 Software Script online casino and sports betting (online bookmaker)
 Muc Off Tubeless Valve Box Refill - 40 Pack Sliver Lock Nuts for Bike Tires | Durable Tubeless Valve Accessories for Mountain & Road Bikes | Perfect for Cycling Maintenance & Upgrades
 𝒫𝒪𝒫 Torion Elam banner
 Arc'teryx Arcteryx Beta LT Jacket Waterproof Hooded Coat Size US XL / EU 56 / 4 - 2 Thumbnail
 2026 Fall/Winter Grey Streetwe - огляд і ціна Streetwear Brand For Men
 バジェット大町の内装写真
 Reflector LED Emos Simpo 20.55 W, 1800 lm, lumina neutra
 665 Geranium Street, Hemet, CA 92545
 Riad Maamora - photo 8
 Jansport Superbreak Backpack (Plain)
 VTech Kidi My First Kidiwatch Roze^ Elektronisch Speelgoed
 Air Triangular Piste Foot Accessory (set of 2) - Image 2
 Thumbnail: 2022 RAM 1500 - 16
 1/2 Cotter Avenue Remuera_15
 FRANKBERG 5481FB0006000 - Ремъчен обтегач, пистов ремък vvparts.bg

================

What is required:
Retype every entry above, word for word.

Answer section:
 Software Script online casino and sports betting (online bookmaker)
 Muc Off Tubeless Valve Box Refill - 40 Pack Sliver Lock Nuts for Bike Tires | Durable Tubeless Valve Accessories for Mountain & Road Bikes | Perfect for Cycling Maintenance & Upgrades
 𝒫𝒪𝒫 Torion Elam banner
 Arc'teryx Arcteryx Beta LT Jacket Waterproof Hooded Coat Size US XL / EU 56 / 4 - 2 Thumbnail
 2026 Fall/Winter Grey Streetwe - огляд і ціна Streetwear Brand For Men
 バジェット大町の内装写真
 Reflector LED Emos Simpo 20.55 W, 1800 lm, lumina neutra
 665 Geranium Street, Hemet, CA 92545
 Riad Maamora - photo 8
 Jansport Superbreak Backpack (Plain)
 VTech Kidi My First Kidiwatch Roze^ Elektronisch Speelgoed
 Air Triangular Piste Foot Accessory (set of 2) - Image 2
 Thumbnail: 2022 RAM 1500 - 16
 1/2 Cotter Avenue Remuera_15
 FRANKBERG 5481FB0006000 - Ремъчен обтегач, пистов ремък vvparts.bg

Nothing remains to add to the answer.